1.3 Accounts. We may provision one or more accounts and access credentials to you. You may not share your account or access credentials with anyone else. You are responsible for maintaining the confidentiality of your login, password, and account and for all activities that occur under your login and account.
1.4 Evaluation Licenses; Beta Versions. If you are licensing the Service for evaluation purposes, your use of the Service is only for the period limited by the evaluation period we specify to you. Notwithstanding any other provision in this Agreement, an evaluation license of the Service is provided “AS-IS” without indemnification, support or warranty of any kind, expressed or implied. From time to time, we may make available for you to try, at your sole discretion, certain functionality related to the Service, which is clearly designated as beta, pilot, limited release, non-production, or by a similar description (each, a “Beta Version”). Beta Versions are intended for evaluation purposes and not for production use, are not supported, and may be subject to additional terms. We may discontinue Beta Versions at any time in our sole discretion and may never make them generally available. We have no liability for any harm or damage arising out of or in connection with a Beta Version.

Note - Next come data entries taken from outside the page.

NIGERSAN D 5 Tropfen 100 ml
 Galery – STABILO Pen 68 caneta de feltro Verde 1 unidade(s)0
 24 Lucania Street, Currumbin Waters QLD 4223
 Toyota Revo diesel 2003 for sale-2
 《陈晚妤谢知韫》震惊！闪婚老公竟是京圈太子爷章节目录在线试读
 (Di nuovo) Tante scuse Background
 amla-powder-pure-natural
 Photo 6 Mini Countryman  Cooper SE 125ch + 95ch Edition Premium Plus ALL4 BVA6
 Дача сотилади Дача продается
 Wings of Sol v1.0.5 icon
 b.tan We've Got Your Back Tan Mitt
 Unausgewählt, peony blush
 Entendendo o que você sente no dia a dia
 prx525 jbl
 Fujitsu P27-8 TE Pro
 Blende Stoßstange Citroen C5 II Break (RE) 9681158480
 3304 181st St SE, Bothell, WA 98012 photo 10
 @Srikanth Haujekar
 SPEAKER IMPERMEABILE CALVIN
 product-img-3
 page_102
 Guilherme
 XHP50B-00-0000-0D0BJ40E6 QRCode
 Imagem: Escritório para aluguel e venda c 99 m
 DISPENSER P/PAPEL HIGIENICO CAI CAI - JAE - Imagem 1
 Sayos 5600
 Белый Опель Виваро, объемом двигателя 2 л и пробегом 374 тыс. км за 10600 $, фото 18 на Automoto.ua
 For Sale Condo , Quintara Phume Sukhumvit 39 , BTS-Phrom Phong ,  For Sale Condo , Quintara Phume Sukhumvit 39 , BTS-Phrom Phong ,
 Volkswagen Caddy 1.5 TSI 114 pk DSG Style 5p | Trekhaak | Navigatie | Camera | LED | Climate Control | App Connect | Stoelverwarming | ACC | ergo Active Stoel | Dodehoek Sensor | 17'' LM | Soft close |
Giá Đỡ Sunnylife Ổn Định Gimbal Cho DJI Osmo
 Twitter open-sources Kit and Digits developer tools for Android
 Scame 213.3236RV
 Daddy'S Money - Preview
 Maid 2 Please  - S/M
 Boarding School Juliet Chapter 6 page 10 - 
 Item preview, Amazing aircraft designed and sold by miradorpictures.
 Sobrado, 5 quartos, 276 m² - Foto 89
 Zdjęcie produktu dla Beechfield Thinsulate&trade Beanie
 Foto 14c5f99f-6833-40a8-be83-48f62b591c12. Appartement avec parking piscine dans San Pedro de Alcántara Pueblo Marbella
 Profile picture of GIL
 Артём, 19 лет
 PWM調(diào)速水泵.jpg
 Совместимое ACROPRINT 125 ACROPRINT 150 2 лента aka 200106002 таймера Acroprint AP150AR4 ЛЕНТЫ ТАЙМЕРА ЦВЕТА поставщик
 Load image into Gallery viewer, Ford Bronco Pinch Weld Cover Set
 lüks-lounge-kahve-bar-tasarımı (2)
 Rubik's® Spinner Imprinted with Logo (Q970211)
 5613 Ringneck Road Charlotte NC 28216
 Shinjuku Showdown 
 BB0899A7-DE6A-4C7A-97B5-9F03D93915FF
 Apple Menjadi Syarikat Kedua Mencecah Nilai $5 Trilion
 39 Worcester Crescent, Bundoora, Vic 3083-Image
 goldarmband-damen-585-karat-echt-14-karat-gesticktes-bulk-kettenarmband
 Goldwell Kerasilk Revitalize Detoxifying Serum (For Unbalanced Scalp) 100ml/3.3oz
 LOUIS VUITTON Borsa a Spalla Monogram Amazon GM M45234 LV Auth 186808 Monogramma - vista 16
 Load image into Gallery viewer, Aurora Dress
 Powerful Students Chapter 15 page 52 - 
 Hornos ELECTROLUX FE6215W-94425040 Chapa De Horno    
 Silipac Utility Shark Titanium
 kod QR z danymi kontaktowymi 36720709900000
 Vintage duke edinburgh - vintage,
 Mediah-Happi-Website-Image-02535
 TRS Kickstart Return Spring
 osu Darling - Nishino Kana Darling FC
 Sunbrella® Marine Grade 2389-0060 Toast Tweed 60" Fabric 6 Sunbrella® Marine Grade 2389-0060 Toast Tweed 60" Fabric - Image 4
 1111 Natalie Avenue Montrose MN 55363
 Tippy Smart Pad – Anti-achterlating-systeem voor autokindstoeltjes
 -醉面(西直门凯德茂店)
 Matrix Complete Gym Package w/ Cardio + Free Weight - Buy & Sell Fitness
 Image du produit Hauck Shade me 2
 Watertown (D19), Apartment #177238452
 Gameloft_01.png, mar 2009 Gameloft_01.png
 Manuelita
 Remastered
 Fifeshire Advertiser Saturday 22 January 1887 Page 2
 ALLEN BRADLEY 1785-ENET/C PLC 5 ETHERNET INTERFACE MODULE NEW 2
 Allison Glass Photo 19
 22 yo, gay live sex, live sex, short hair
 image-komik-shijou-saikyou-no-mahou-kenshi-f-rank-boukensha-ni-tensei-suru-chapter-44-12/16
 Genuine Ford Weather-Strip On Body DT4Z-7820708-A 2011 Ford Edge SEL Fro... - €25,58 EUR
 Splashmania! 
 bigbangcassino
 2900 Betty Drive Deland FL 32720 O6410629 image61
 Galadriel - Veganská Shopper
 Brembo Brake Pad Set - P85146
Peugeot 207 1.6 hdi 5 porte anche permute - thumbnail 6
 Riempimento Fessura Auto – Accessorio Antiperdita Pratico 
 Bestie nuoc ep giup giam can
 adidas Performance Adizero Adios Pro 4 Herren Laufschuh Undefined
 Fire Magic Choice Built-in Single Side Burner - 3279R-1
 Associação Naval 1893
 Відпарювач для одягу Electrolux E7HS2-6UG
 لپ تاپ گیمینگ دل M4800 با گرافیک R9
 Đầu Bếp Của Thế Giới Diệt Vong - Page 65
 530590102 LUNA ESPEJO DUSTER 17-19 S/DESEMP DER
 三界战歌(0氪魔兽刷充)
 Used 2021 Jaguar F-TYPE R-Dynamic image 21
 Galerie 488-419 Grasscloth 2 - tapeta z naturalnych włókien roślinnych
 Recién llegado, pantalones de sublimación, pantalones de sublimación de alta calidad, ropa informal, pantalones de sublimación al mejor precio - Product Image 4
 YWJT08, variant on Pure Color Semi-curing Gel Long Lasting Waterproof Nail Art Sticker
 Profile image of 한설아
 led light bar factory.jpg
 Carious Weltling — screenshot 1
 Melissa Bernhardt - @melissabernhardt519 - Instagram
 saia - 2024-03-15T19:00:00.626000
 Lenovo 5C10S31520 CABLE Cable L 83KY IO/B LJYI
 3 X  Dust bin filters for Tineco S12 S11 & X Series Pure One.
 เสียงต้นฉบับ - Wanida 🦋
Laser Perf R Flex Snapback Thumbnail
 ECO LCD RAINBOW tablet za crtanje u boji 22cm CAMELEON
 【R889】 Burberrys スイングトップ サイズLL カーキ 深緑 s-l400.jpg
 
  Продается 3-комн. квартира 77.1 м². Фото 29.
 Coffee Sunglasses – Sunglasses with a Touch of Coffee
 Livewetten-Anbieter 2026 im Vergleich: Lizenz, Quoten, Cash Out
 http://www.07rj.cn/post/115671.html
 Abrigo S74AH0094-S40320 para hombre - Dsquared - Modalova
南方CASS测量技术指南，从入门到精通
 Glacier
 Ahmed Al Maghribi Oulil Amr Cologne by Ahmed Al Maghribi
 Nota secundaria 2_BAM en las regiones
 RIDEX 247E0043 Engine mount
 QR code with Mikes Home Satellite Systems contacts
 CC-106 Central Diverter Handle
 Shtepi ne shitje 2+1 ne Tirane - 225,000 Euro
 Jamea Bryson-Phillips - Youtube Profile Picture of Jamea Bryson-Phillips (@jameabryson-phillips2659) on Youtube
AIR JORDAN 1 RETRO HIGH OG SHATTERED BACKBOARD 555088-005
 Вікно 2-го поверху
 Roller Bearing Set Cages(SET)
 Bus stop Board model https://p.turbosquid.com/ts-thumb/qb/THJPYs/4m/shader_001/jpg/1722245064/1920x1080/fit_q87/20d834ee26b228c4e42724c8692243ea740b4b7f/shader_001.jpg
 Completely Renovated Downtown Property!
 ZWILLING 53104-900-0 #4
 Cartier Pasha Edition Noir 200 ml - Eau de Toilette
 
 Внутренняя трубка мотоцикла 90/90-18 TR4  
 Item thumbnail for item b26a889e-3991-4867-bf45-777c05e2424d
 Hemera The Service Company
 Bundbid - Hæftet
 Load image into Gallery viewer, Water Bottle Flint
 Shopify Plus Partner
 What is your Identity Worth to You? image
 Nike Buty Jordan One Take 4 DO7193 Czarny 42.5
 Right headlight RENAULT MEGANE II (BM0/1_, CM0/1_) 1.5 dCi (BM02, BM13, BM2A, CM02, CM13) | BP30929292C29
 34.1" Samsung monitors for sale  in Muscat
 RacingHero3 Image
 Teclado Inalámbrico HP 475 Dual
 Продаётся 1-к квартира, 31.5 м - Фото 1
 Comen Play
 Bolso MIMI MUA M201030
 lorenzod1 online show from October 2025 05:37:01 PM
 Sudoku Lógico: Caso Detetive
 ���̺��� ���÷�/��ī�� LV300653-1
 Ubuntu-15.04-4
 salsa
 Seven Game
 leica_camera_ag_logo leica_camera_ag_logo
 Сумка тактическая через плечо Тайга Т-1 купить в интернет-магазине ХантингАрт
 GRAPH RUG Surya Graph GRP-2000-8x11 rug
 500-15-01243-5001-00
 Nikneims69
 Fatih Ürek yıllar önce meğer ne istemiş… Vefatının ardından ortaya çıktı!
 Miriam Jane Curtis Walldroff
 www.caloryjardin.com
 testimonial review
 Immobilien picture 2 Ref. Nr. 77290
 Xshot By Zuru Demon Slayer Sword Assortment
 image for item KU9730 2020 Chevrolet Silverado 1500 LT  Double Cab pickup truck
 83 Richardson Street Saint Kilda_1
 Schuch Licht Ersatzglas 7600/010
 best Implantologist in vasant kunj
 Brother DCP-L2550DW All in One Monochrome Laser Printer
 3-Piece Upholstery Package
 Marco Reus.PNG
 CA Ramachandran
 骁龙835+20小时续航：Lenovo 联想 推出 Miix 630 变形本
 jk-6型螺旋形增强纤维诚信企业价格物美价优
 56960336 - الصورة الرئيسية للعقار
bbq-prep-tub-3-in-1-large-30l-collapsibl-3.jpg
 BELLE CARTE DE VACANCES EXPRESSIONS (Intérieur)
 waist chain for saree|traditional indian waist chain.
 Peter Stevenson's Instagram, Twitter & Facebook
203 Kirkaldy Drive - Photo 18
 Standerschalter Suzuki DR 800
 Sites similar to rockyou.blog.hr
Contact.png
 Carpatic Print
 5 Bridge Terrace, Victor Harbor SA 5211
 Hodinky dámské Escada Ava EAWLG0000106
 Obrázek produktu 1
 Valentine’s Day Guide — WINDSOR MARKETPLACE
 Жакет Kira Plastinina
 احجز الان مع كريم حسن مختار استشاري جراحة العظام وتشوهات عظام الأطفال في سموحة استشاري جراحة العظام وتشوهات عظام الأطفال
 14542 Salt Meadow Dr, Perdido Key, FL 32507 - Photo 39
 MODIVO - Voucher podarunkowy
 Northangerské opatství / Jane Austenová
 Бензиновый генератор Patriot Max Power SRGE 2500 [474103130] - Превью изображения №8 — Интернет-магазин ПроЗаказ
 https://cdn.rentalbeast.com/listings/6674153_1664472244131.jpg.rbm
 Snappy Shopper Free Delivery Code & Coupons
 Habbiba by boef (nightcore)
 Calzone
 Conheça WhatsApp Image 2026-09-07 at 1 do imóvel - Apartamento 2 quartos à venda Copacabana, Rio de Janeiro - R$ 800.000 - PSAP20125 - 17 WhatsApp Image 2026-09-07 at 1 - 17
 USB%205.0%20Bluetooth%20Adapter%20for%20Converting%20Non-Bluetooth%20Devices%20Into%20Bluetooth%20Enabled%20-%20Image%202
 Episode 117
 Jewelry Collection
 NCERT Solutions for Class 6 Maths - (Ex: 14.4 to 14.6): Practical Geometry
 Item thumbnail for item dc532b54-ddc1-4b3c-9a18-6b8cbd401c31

1.5 Reservation of Rights. We retain all rights, title, and interest, including all intellectual property rights, in and to the Service, its underlying technologies, and all its related or included components and elements, including without limitation any modifications, updates, customizations, routines, apps, or other add-ons. Your rights to use the Service on are limited to those expressly set forth in this Agreement. We reserve all other rights in and to the Service and its underlying technologies and components.
1.6 Technical Requirements. You will need certain equipment, software, and Internet access to be able to access the Service. Acquiring, installing, maintaining and operating equipment and Internet access is solely your responsibility. Phase Two neither represents nor warrants that the Service will be accessible through all web browser releases or operating systems.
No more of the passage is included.